(Short web captions)
= = = = = = =
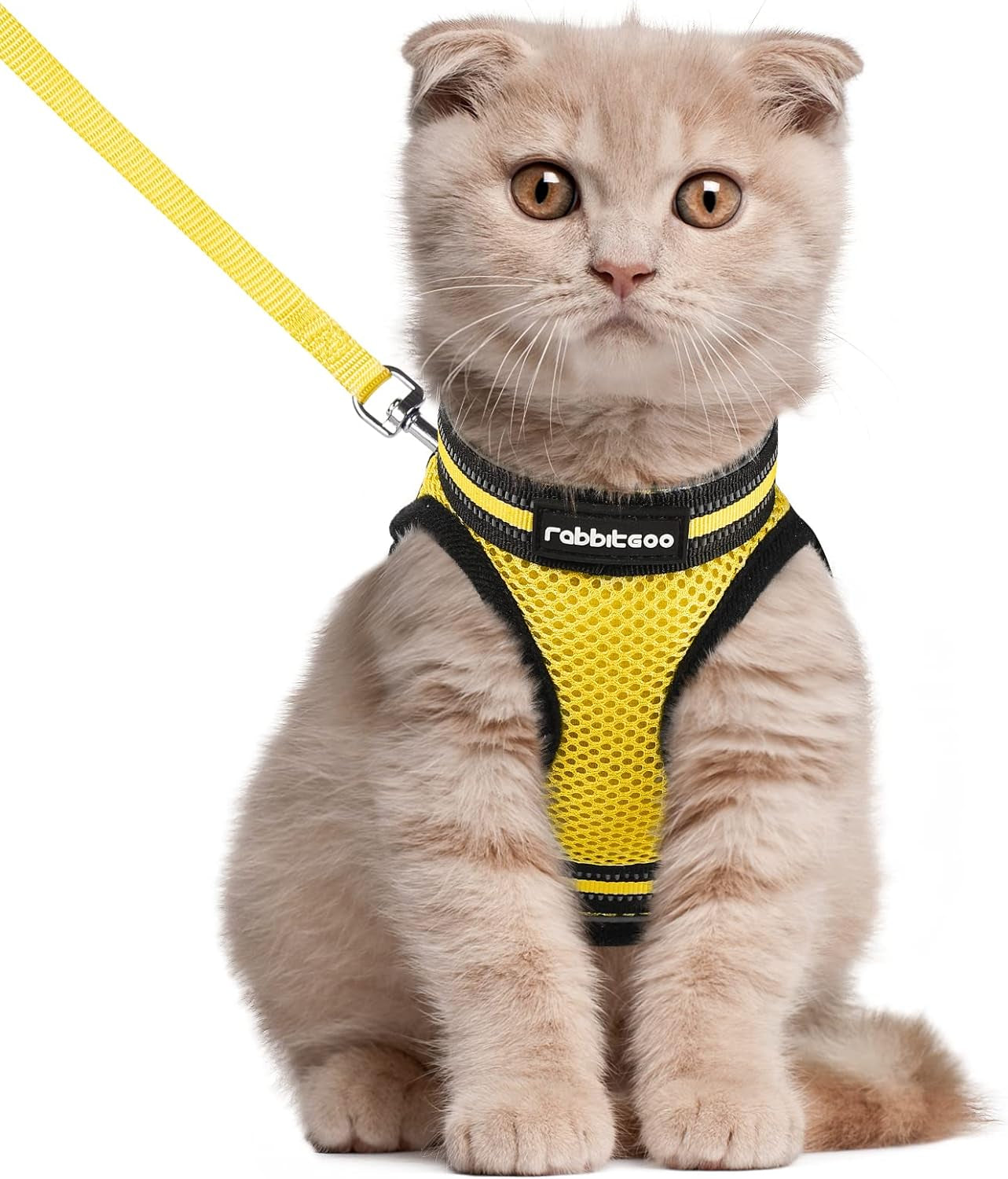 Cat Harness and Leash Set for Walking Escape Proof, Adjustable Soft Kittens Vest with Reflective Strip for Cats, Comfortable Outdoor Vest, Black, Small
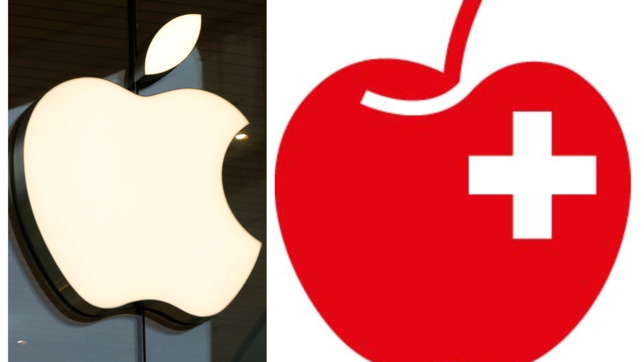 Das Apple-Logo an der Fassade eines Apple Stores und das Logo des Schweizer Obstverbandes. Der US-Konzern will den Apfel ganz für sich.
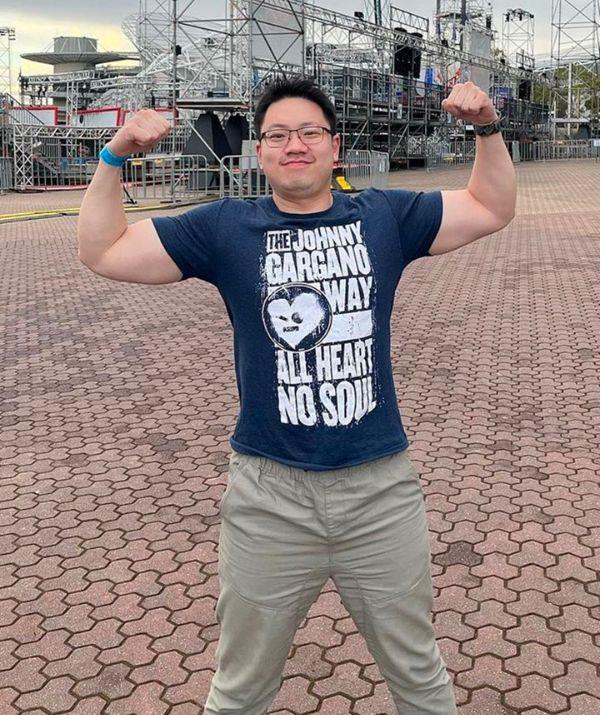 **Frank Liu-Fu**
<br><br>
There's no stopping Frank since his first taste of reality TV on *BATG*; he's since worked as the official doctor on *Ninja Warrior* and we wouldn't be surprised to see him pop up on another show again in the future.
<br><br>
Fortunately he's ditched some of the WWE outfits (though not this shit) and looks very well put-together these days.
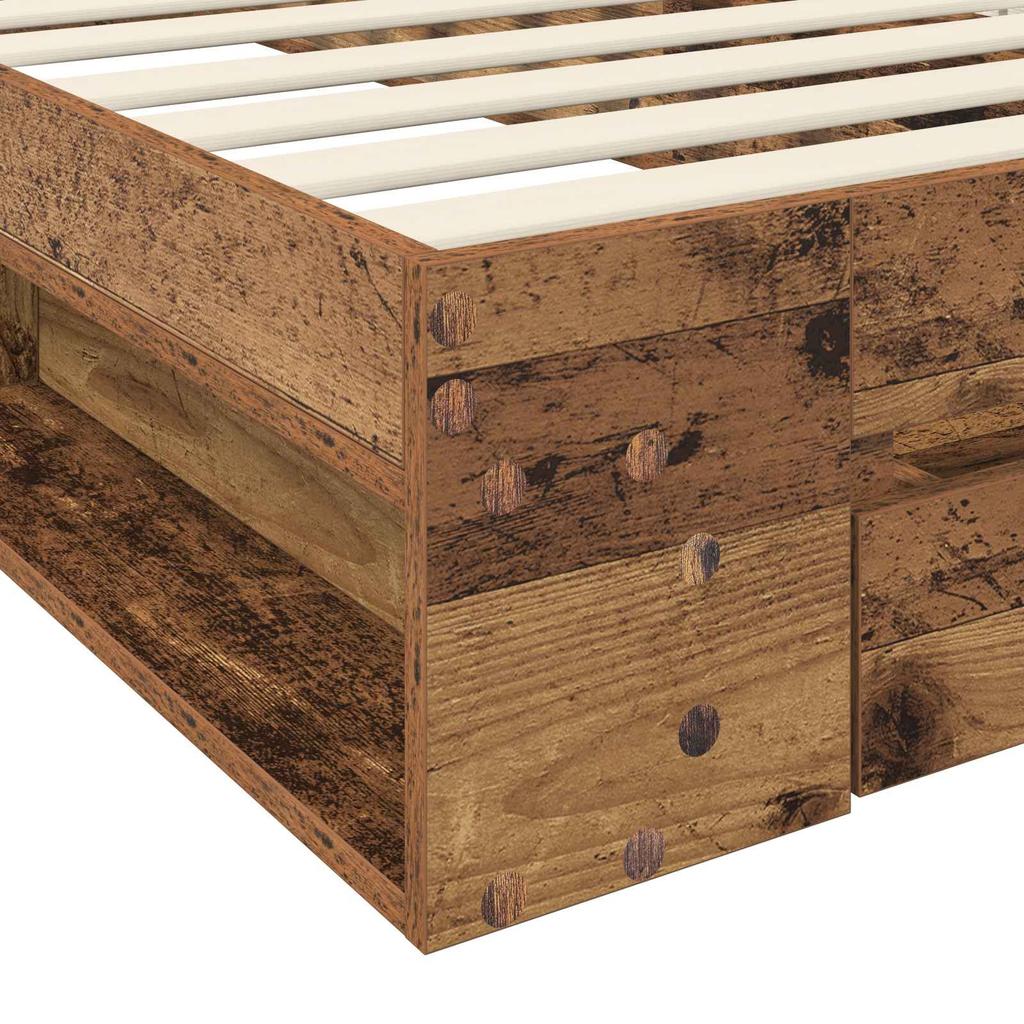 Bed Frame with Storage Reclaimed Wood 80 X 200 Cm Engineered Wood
= = = = = = =
Exercise
For this exercise, print all of the entries exactly as they appear, but without pictures.

Written answer
 Cat Harness and Leash Set for Walking Escape Proof, Adjustable Soft Kittens Vest with Reflective Strip for Cats, Comfortable Outdoor Vest, Black, Small
 Das Apple-Logo an der Fassade eines Apple Stores und das Logo des Schweizer Obstverbandes. Der US-Konzern will den Apfel ganz für sich.
 **Frank Liu-Fu**
<br><br>
There's no stopping Frank since his first taste of reality TV on *BATG*; he's since worked as the official doctor on *Ninja Warrior* and we wouldn't be surprised to see him pop up on another show again in the future.
<br><br>
Fortunately he's ditched some of the WWE outfits (though not this shit) and looks very well put-together these days.
 Bed Frame with Storage Reclaimed Wood 80 X 200 Cm Engineered Wood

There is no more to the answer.